### [Assignment]
From the line containing "At steady state" down to the line containing "You can also", copy out the entries below exactly, both lines included, and nothing else; pictures do not belong in the copy.

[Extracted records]
========
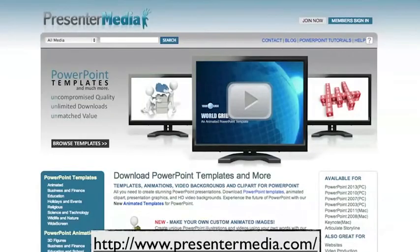Another tool I use quite regularly is Presenter Media. We spoke about earlier the whole content leverage system and taking content from an audio file that I've created and getting my team members to create slideshows and slide presentations after the fact. Presenter Media is a membership system — you pay a set amount per year and they have thousands of graphics you can use, including animated graphics.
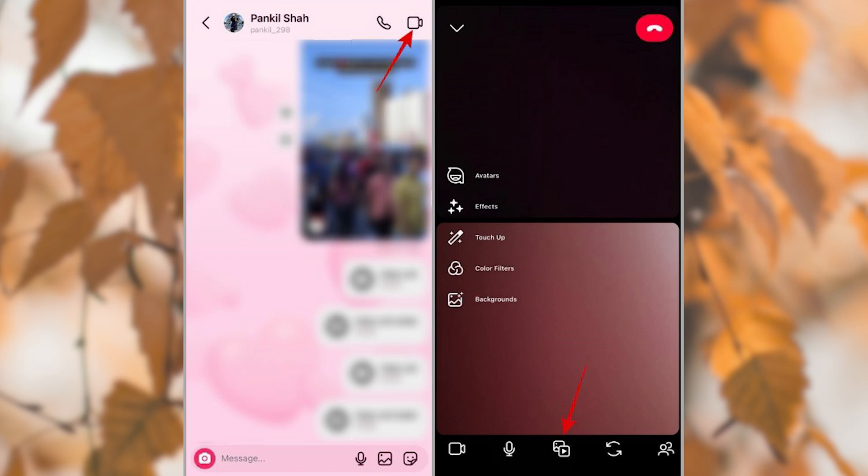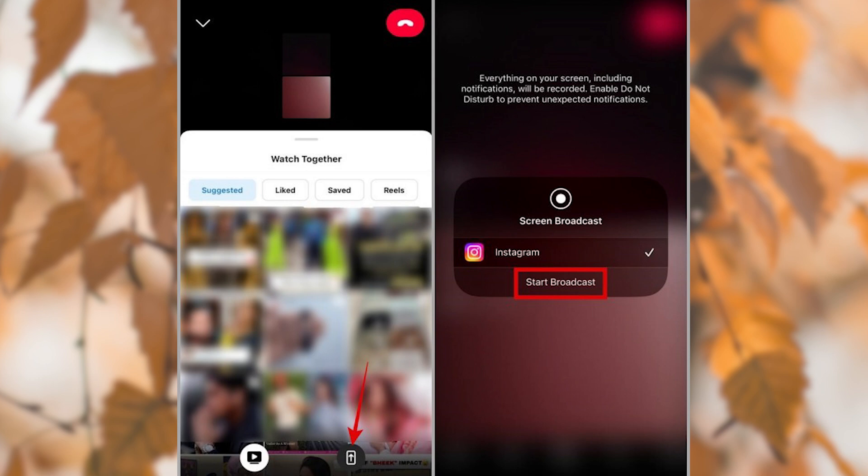Once the other person joins the call, tap the Media button at the bottom. Tap the Screen Share option at the bottom and select Start Broadcast to confirm. And that's about it. The other person on the call should now be able to see everything on your screen.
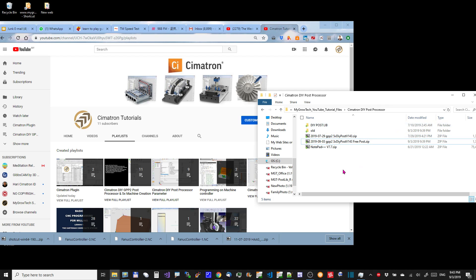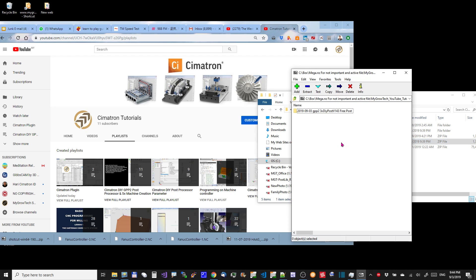Starting from today, we are giving out the SIMATRON free GPP2 post processor for 3-axis machines. For this post, you need no need to register to any SIMATRON dongle. You are free to customize it.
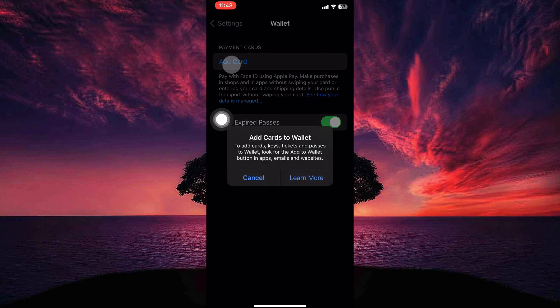You will now get a pop-up. It reads Add Cards, Keys, Tickets and Passes to Wallet. Look for the Add to Wallet button in apps, emails and websites. This means you can't add Sam's Card directly to your Apple Wallet.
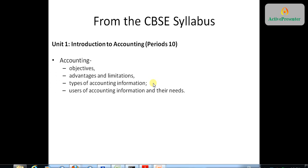The first thing we do is define what is accounting — this is one of the common things that are asked: define accounting, what is meant by accounting. Then we go into objectives of accounting: why do we need the accounting function? What are the advantages and limitations of accounting? Accounting is not a panacea for everything, but it is essential for certain things. What are the advantages? What are the limitations?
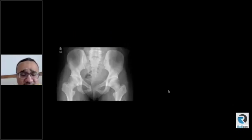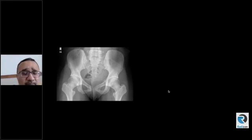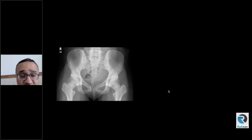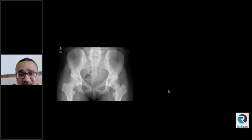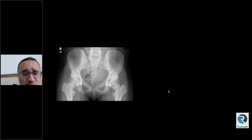This is a normal AP radiograph of an adult female demonstrating smooth, symmetrical contours of the sacroiliac joint spaces. For the clever ones, you can look at the acetabuli and see there is a figure-of-eight crossover sign. It's unlikely they're going to show this in the exam, but this film shows the normal appearances of the sacroiliac joint.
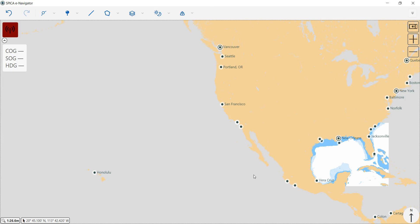Hi everyone. This is Charles Hayes with American Nautical. Welcome. In this video, I'm going to show you how to order electronic navigational charts for your ECDIS within our Spica eNavigator software.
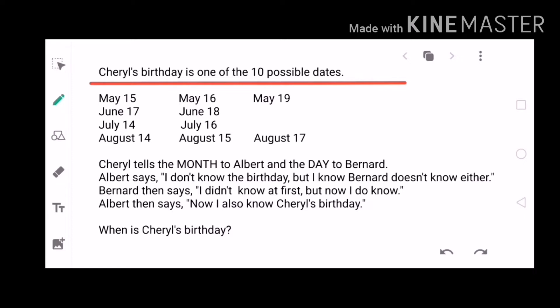Cheryl tells the month to Albert and the day to Bernard. Albert says he doesn't know the birthday, but he knows Bernard doesn't know either. Bernard then says he didn't know at first, but now he does. Albert then says now he also knows Cheryl's birthday.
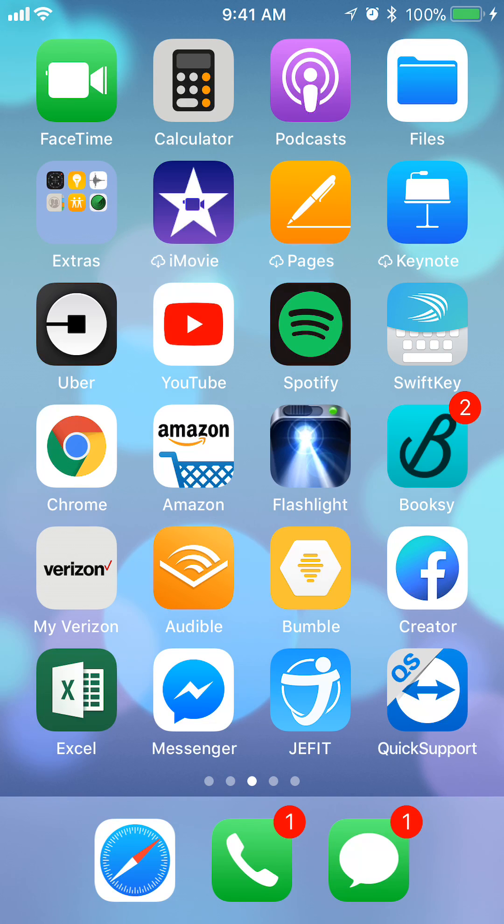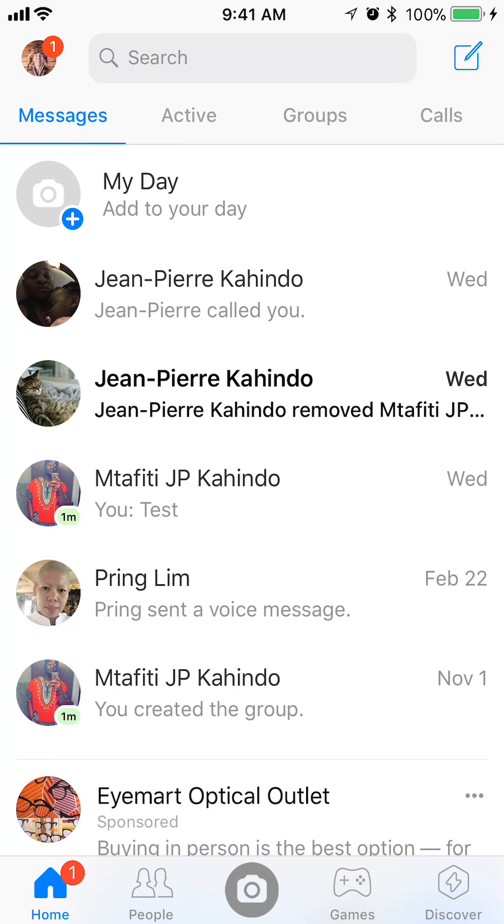Anyway, begin by opening up the messenger app. Once you have it open, you want to go to your profile page. To do that, look on the upper left corner. Do you see your profile picture? There's a little one and a red circle for mine. So tap on that.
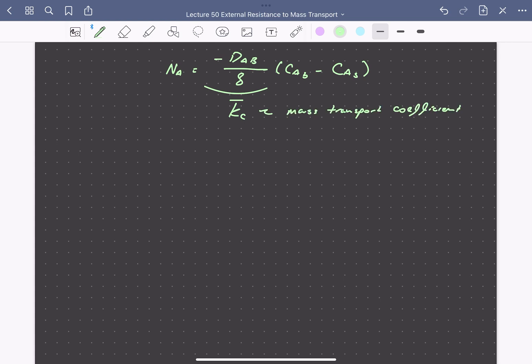At steady state there can be no accumulation of A in the boundary layer, so the flux of A by diffusion to the surface must equal the consumption of A by reaction. For a first-order reaction in A, the rate equals the kinetic rate constant K sub s times the concentration of A at the surface. CAS is an unknown quantity we can't measure directly, since it differs from the bulk concentration. So this rate equals the mass transport coefficient times the concentration driving force from bulk to surface.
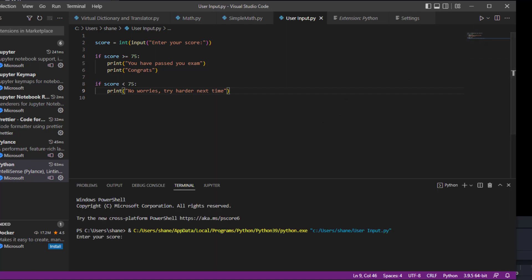Let's enter in our score and we'll put in the score of 80 and it says 'you have passed your exam, congratulations'.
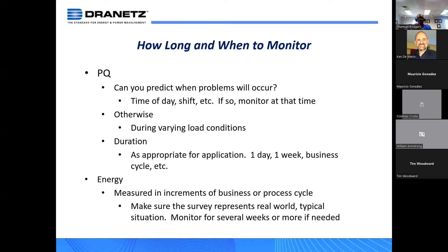How long and when to monitor for PQ? You might monitor until you record the event or something significant you think might be causing the problem. Monitoring surveys can be a week or a month — a month is more common especially if you're doing energy monitoring, because you want to match the billing cycle of the utility. Typically one week might be common, or even one day — you might find the results within one day.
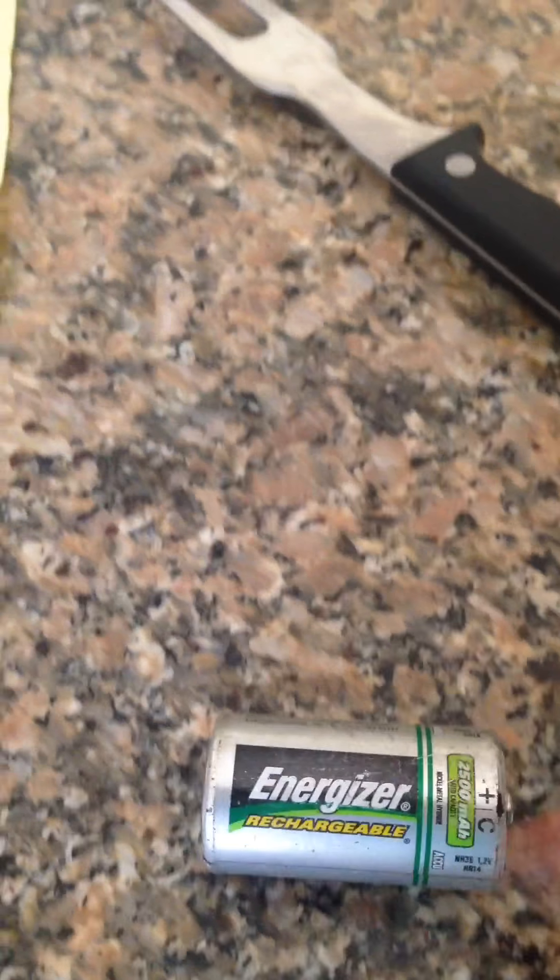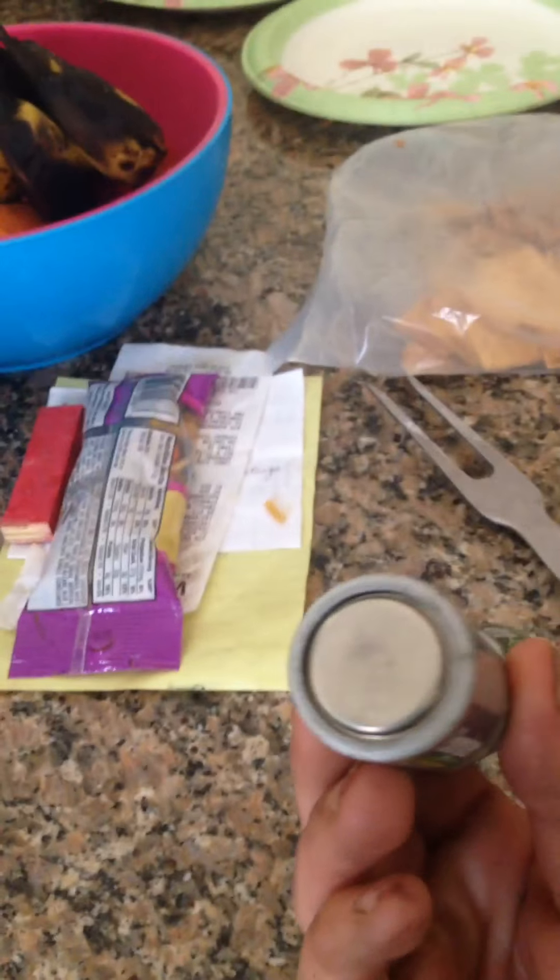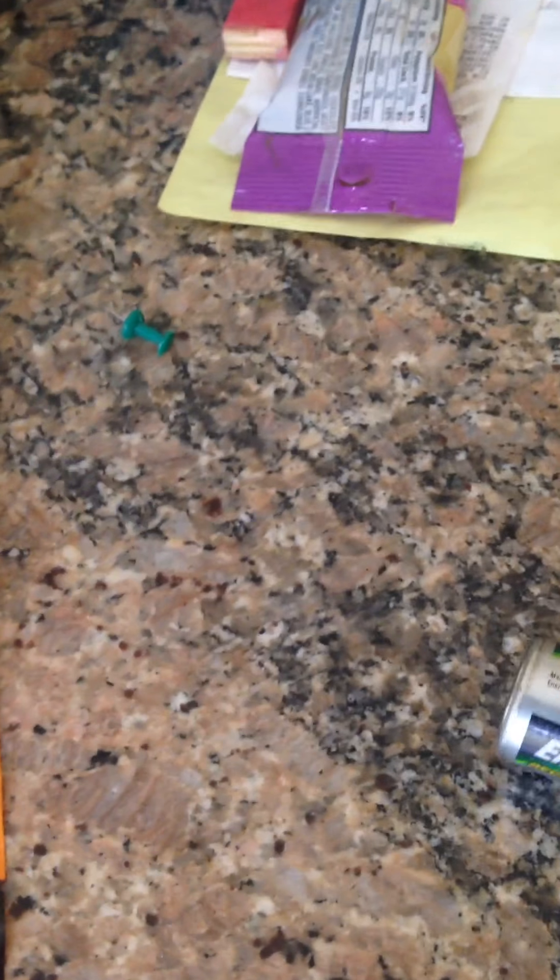So what you do is you take two of the batteries and you lay them like this. And then you take some duct tape and you tape the two sides together.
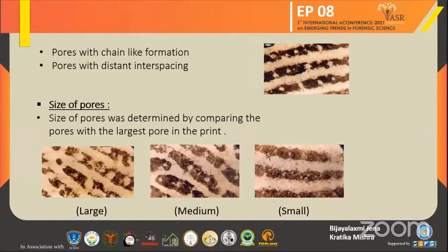The third feature is size of pores. Size of pores is determined by comparing each pore with the largest pore in the print, and divided into three types: minute, medium, and large.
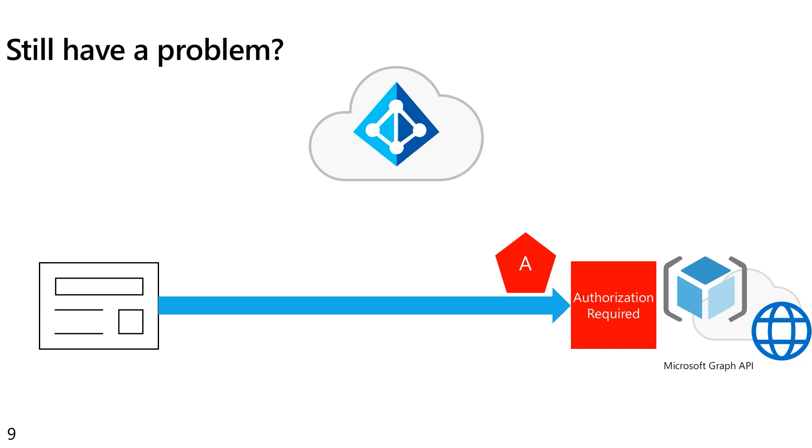Now we may still have a problem here. If the API is very simple, maybe there's only a couple of endpoints in the API, and it's all wrapped around a particular type of object or a particular object, then maybe a single permission for that API is okay.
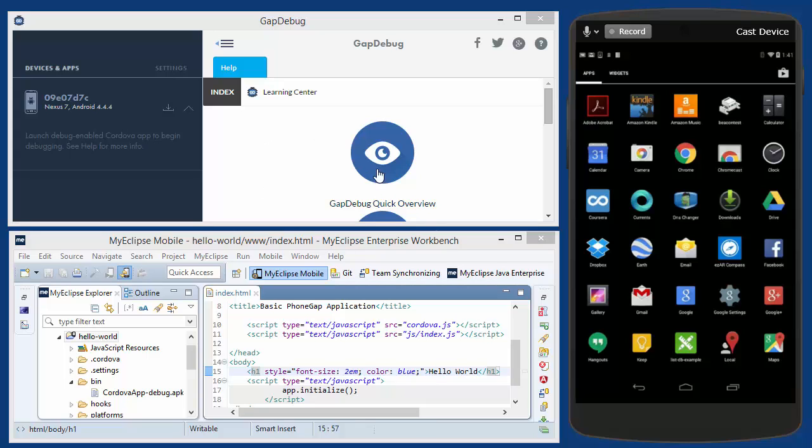So here in the top left is the latest version of GapDebug. You can see in the device list it already recognizes the Nexus 7 over here on the right. And this Nexus 7 is connected by USB cable to my workstation and I've enabled USB debugging with it.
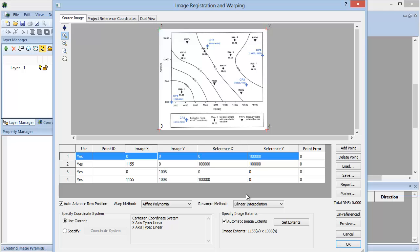You can also pick the points directly on the image. To locate the first point, click the Digitize icon on the left, then click the location of the first point on the image.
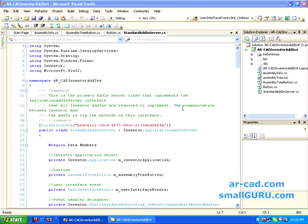Hi, welcome to SmallGuru on ARCAD. This is Rajiv Lochan. In this video demonstration, I'm going to show you how you can debug Inventor add-ins using Visual Studio, and I'll be using Visual C Sharp as my language. I hope you would have gone through my earlier screencast on developing add-ins using C Sharp for Inventor.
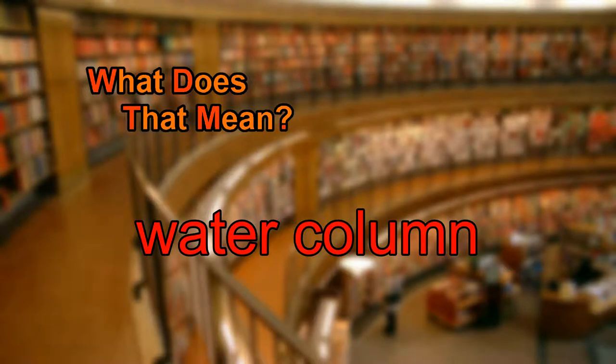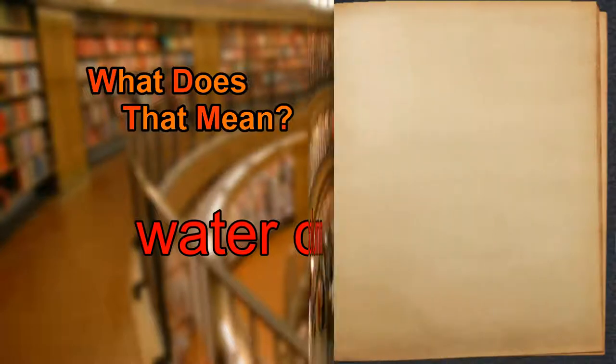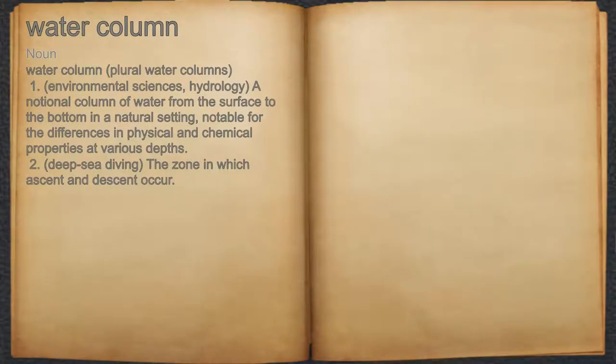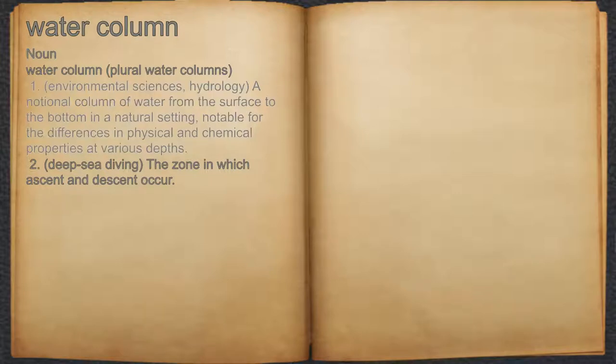What does water column mean? Water column. Noun. 1. Environmental sciences, hydrology: a notional column of water from the surface to the bottom in a natural setting, notable for the differences in physical and chemical properties at various depths.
========
### [Task result]
At steady state there can be no accumulation of A in the boundary layer, so the flux of A by diffusion to the surface must equal the consumption of A by reaction. For a first-order reaction in A, the rate equals the kinetic rate constant K sub s times the concentration of A at the surface. CAS is an unknown quantity we can't measure directly, since it differs from the bulk concentration. So this rate equals the mass transport coefficient times the concentration driving force from bulk to surface.
Let's enter in our score and we'll put in the score of 80 and it says 'you have passed your exam, congratulations'.
How long and when to monitor for PQ? You might monitor until you record the event or something significant you think might be causing the problem. Monitoring surveys can be a week or a month — a month is more common especially if you're doing energy monitoring, because you want to match the billing cycle of the utility. Typically one week might be common, or even one day — you might find the results within one day.
So what you do is you take two of the batteries and you lay them like this. And then you take some duct tape and you tape the two sides together.
The third feature is size of pores. Size of pores is determined by comparing each pore with the largest pore in the print, and divided into three types: minute, medium, and large.
Now we may still have a problem here. If the API is very simple, maybe there's only a couple of endpoints in the API, and it's all wrapped around a particular type of object or a particular object, then maybe a single permission for that API is okay.
So here in the top left is the latest version of GapDebug. You can see in the device list it already recognizes the Nexus 7 over here on the right. And this Nexus 7 is connected by USB cable to my workstation and I've enabled USB debugging with it.
You can also pick the points directly on the image. To locate the first point, click the Digitize icon on the left, then click the location of the first point on the image.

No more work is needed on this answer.